Hava kirliliğinin oluşumunda kirletici kaynak ve topoğrafik koşullar etkili olduğu kadar meteorolojik şartlarda en az onlar kadar etkilidir. Kritik meteorolojik şartların hüküm sürdüğü bazı günlerde yaşanan sis ve hava kirliliği inversiyonun da etkisiyle hava kalitesi ölçüm değerlerinde bölgesel artışlara neden olmaktadır.
İstanbul, bir çok Avrupa şehrine benzer bir şekilde trafikle ilgili kirliliğe maruz kalmaktadır. Özellikle, kritik meteorolojik şartların yaşandığı günlerde trafik yoğunluğu ve kış aylarında artan kömür kullanımına bağlı olarak kirlilik oranlarında artışlar görülebilmektedir. Bu artışlar tüm İstanbul genelinde kendini göstermekle beraber, sanayinin ve trafiğin yoğun olduğu, kömür kullanımının daha fazla olduğu özellikle topoğrafik açıdan dezavantajlı yerlerde kendisini daha fazla hissettirmektedir.
Ayrıca, İstanbul’un hava kirliliği değerlendirilirken, Asya-Afrika ve Avrupa’dan taşınan uzun mesafeli kirlilik de göz önünde bulundurulmalıdır. Yapılan bazı araştırmalar, Türkiye’de nispeten yüksek yoğunluklu partikül madde oluşumlarına kuzeybatı ve güney rüzgârlarının etkili olduğunu göstermektedir. Bu da, özellikle Sahra çöl tozlarının ve Doğu Avrupa ülkelerinin etkisini işaret etmektedir.
Hava Kalitesi Değerlendirme ve Yönetimi Yönetmeliği uyarınca hava kirleticiler için belirlenmiş sınır değerler ve Avrupa Birliği Standartları dikkate alındığında, İstanbul’un ölçüm yapılan tüm ilçelerinde ölçüm verilerinin meteorolojiye bağlı olarak kimi zaman düşük kimi zamanda yüksek olduğu görülmektedir.

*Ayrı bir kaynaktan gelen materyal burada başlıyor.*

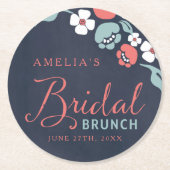 Bluish Chalkboard Floral Bridal Brunch Round Ronde Kartonnen Onderzetter (Voorkant)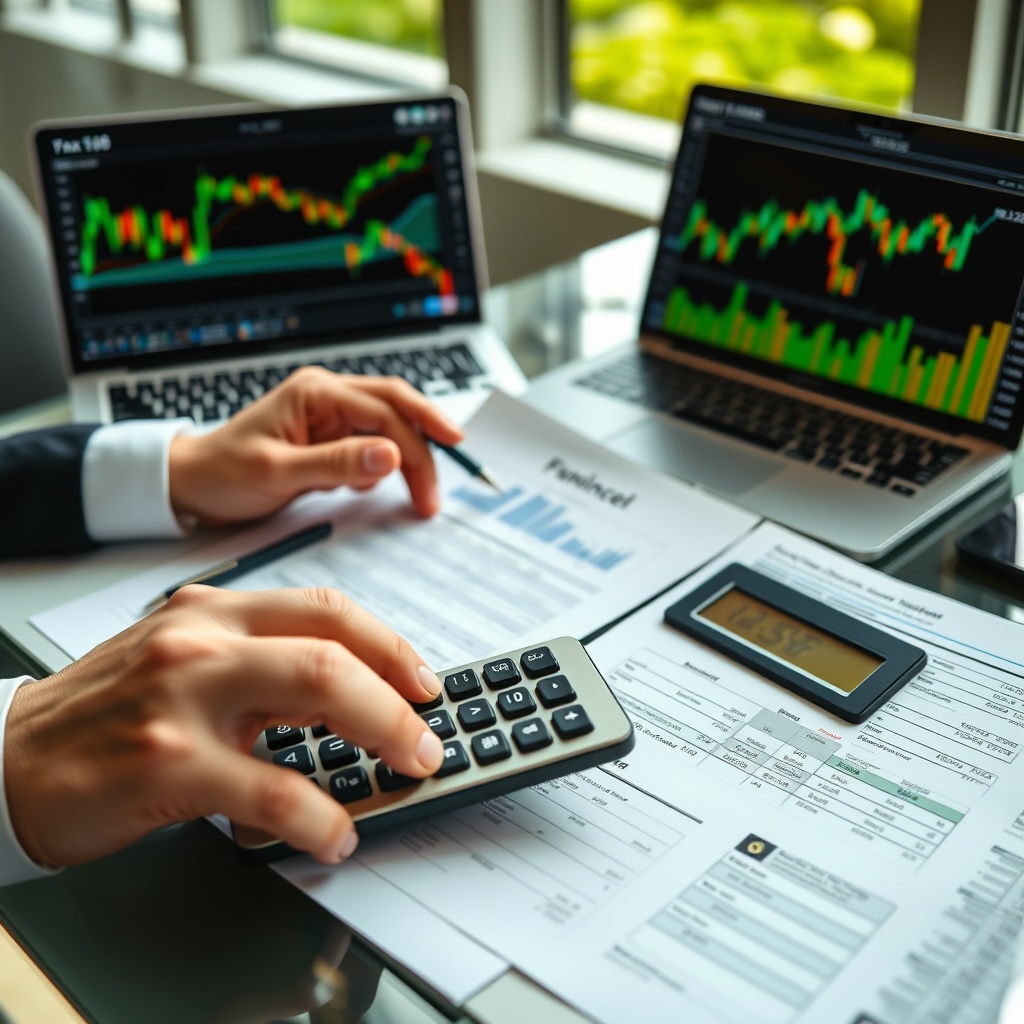 Professional stock photo of a person using a calculator and financial documents on a modern desk, with a laptop displaying cryptocurrency charts in the background, representing tax calculation and financial planning.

Hava Kalitesi Değerlendirme ve Yönetimi Yönetmeliğinde, kritik meteorolojik şartların hüküm sürdüğü ve hava kirliliğinin ani artış gösterdiği durumlarda alınması gereken tedbirlere yön vermek üzere, uyarı kademeleri belirlenmiştir. Hava kalitesi merkezden sürekli olarak izlenmekte ve uyarı kademelerinin aşılıp aşılmadığı kontrol edilmektedir.